The main components of QWS aqueous extract were analyzed by LC-MS, and potential pathways of QWS targeting OU were predicted by network pharmacology. The db/db mice were administered with the decoction of dried Zingiber officinale Rosc. rhizome combined with NaOH cauterization to establish the model of diabetic OU subjected to stomach heat syndrome. Subsequently, the model mice were treated with QWS, and OU wound healing status were recorded. The pathological changes of gastric tissue and oral mucosa were evaluated using hematoxylin-eosin staining, and the morphology of collagen fibers in oral mucosa was assessed by Masson staining. The levels of thromboxane B (TXB), 6-Keto-prostaglandin F1α (6-keto-PGF1α), interleukin-1 β (IL-1β), IL-2, IL-6, tumor necrosis factor-α (TNF-α), β-endorphin (β-EP) and 5-Hydroxytryptamine (5-HT) were determined by ELISA assay. The protein expressions of Toll-like receptor 4 (TLR4), TNF receptor associated factor 6 (TRAF6), myeloid differentiation factor 88 (MyD88), inhibitor of NF-κB alpha (IκΒα), p-IκΒα and nuclear factor kappa-B (NF-κB) p65 were measured by Western Blotting.
A total of 183 compounds in QWS were identified by LC-MS, and identified 79 bioactive compounds corresponded to 269 targets and 59 pathways. QWS high-dose treatment significantly reduced the level of TXB and the ratio of TXB/6-keto-PGF1α. Meanwhile, it improved mucosal pathological morphology, and reduced the area of OU and local edema. Simultaneously, the levels of TNF-α, IL-1β, IL-6, IL-2 and 5-HT, and the expressions of TLR4, TRAF6, MyD88, p-IκΒα and NF-κB p65 were decreased.

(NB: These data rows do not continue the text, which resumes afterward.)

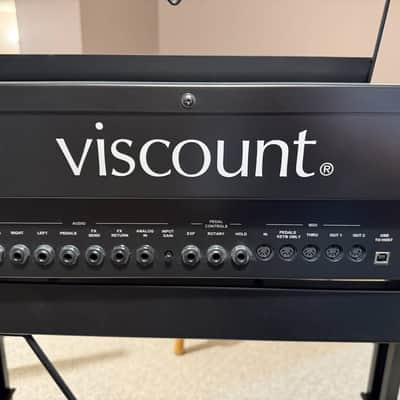 Viscount Legend Live 2022 image 8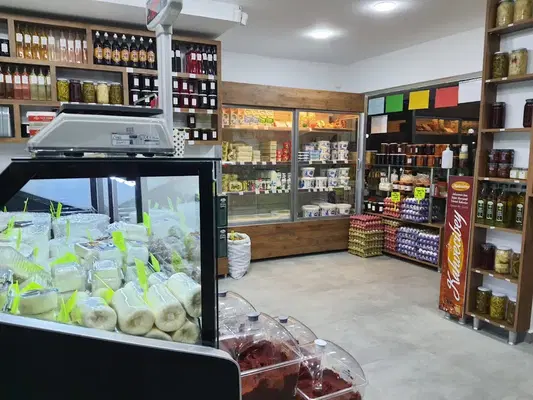 Elmisko Süt Ürünleri Kooperatif Satış Mağazası Meltem Şubesi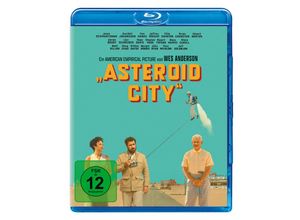 5053083263577 - Asteroid City (Blu-ray)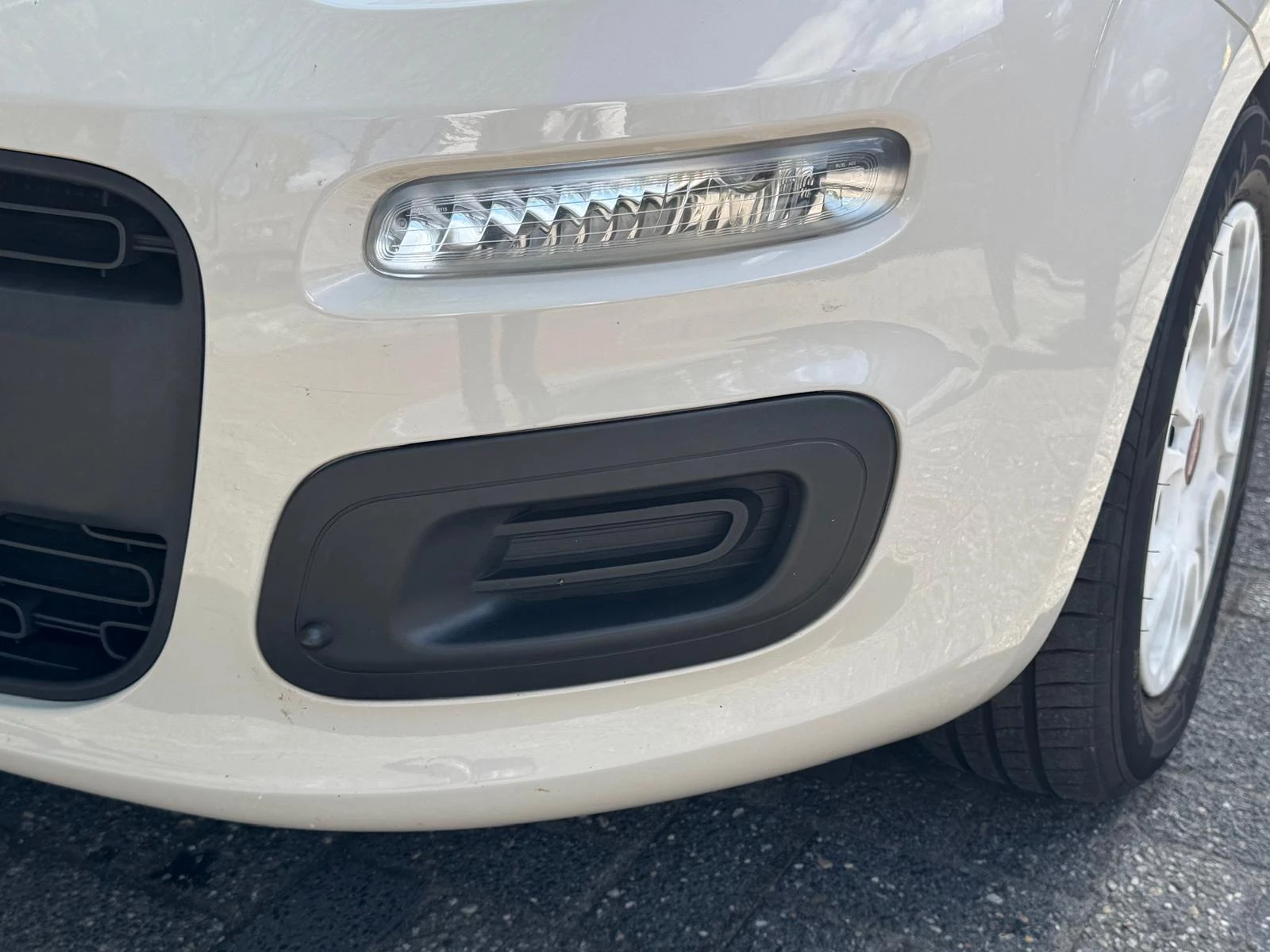 Hoofdafbeelding Fiat Panda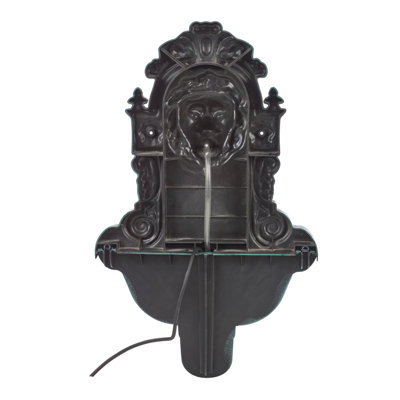 Outdoor Weather Resistant Waterfall Fountain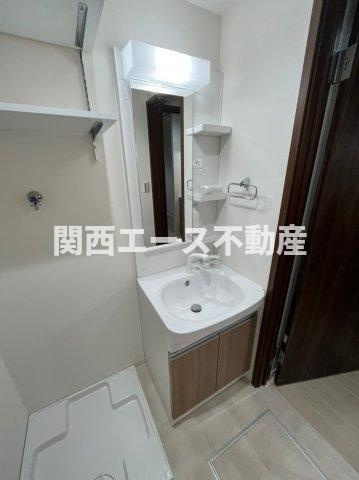 【独立洗面台】 | H-maison東花園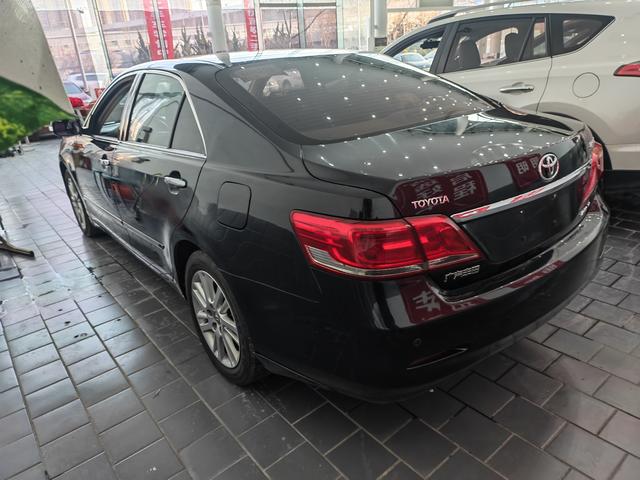 Toyota Camry 2009 модификация 240V NAVI Supreme Навигация Edition – фото 5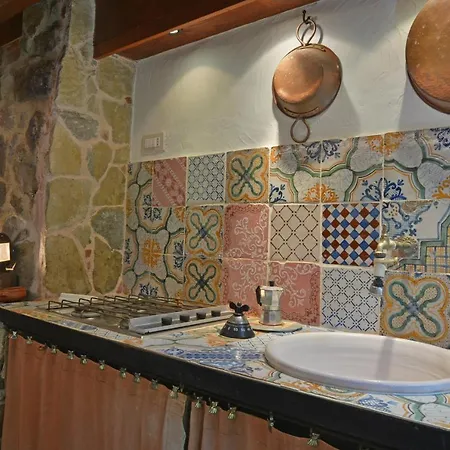 Massimo Villas - La Giara Villa Cefalu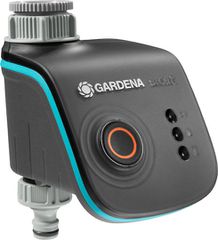 Gardena Smart Water Control Προγραμματιστής Ποτίσματος Μπαταρίας 1 Εξόδου με Wi-Fi 1τμχ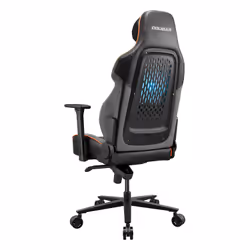 COUGAR Gaming NxSys Aero Poltrona per gaming Seduta rigida Nero - Vista aggiuntiva 8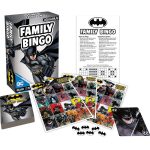 batman Επιτραπέζιο family game bingo2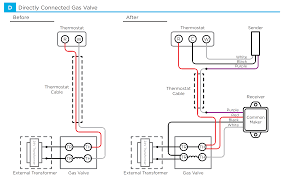 Here is the existing thermostat wiring diagram for my heat and cool, 4 wire, single transformer system. My Thermostat Has Only Two Wires Am I Compatible With Ecobee Ecobee Support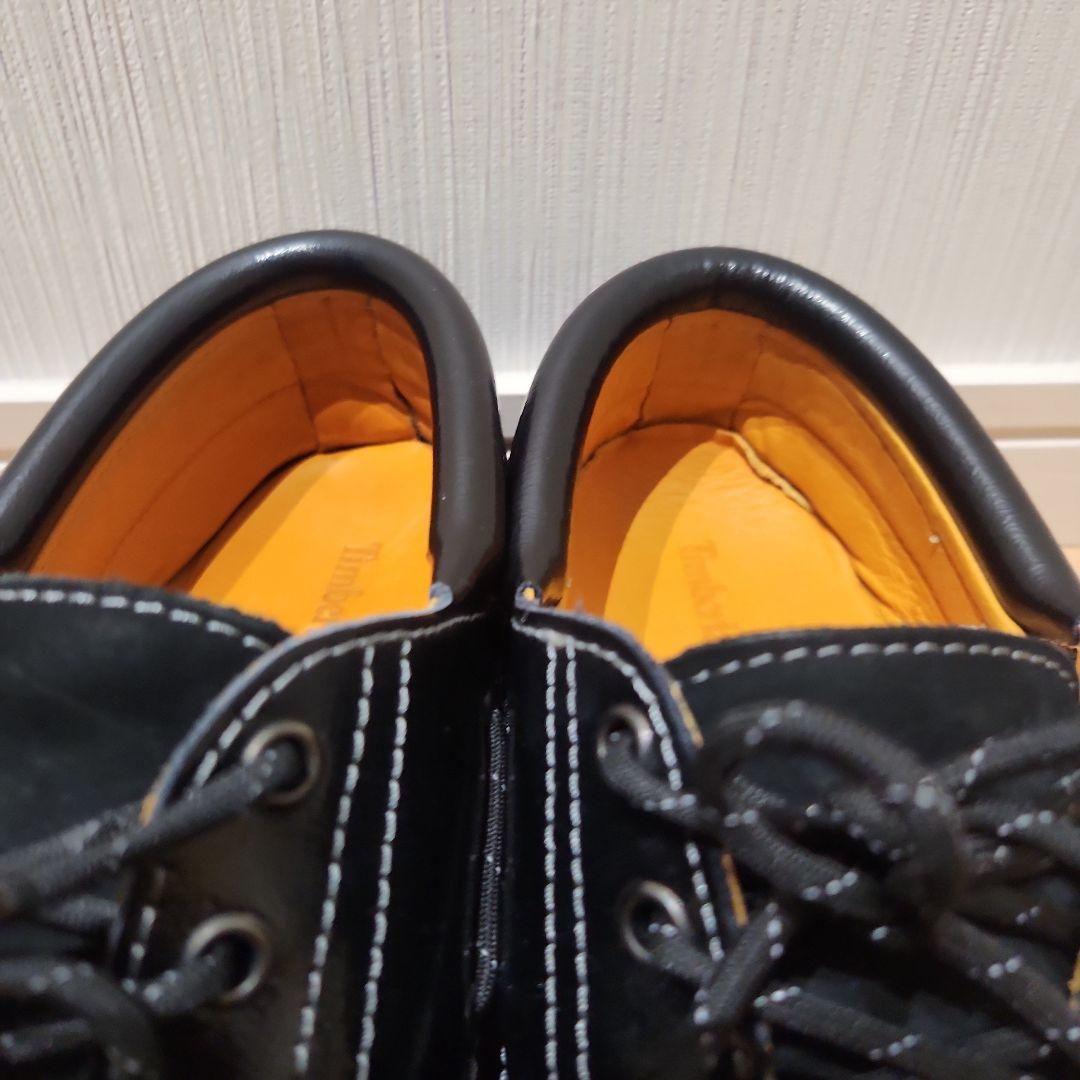 極美品　3eye Timberland モカシン A2A2C 26.5cm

QWS treatment facilitates the healing of OU, ameliorates pathological morphologies of gastric and oral mucosa and decreases the levels of pro-inflammatory cytokines in db/db mice subjected to stomach heat syndrome, whose mechanism may be associated with the inhibition of TLR4/MyD88/NF-κB signaling pathway to exert anti-inflammatory effects.
清胃散作为经典的中医方剂之一,七百年来一直被广泛用于治疗胃热证,其表现为口腔溃疡、牙周炎和上消化道出血。然而,清胃散对胃热证型糖尿病性口腔溃疡的治疗效果仍不明确。在本研究中,我们探究了其药理机制。
采用液相色谱-质谱联用(LC-MS)分析清胃散水提取物的主要成分,并通过网络药理学预测清胃散作用于口腔溃疡的潜在途径。采用干姜水煎剂联合氢氧化钠烧灼法建立胃热证型糖尿病性口腔溃疡模型。随后,给予模型小鼠清胃散治疗,并记录口腔溃疡愈合情况。采用苏木精-伊红染色评估胃组织和口腔黏膜的病理变化,采用Masson染色评估口腔黏膜胶原纤维形态。采用酶联免疫吸附测定(ELISA)法检测血栓素B(TXB)、6-酮-前列腺素F1α(6-keto-PGF1α)、白细胞介素-1β(IL-1β)、IL-2、IL-6、肿瘤坏死因子-α(TNF-α)、β-内啡肽(β-EP)和5-羟色胺(5-HT)的水平。采用蛋白质免疫印迹法检测Toll样受体4(TLR4)、肿瘤坏死因子受体相关因子6(TRAF6)、髓样分化因子88(MyD88)、核因子κB抑制因子α(IκΒα)、磷酸化IκΒα(p-IκΒα)和核因子κB(NF-κB)p65的蛋白表达。
通过LC-MS共鉴定出清胃散中的183种化合物,其中79种生物活性化合物对应269个靶点和59条通路。清胃散高剂量治疗显著降低TXB水平及TXB/6-keto-PGF1α比值。同时,改善了黏膜病理形态,减小了口腔溃疡面积和局部水肿。同时,TNF-α、IL-1β、IL-6、IL-2和5-HT水平以及TLR4、TRAF6、MyD88、p-IκΒα和NF-κB p65的表达均降低。
清胃散治疗可促进胃热证型db/db小鼠口腔溃疡的愈合,改善胃和口腔黏膜的病理形态,降低促炎细胞因子水平,其机制可能与抑制TLR4/MyD88/NF-κB信号通路发挥抗炎作用有关。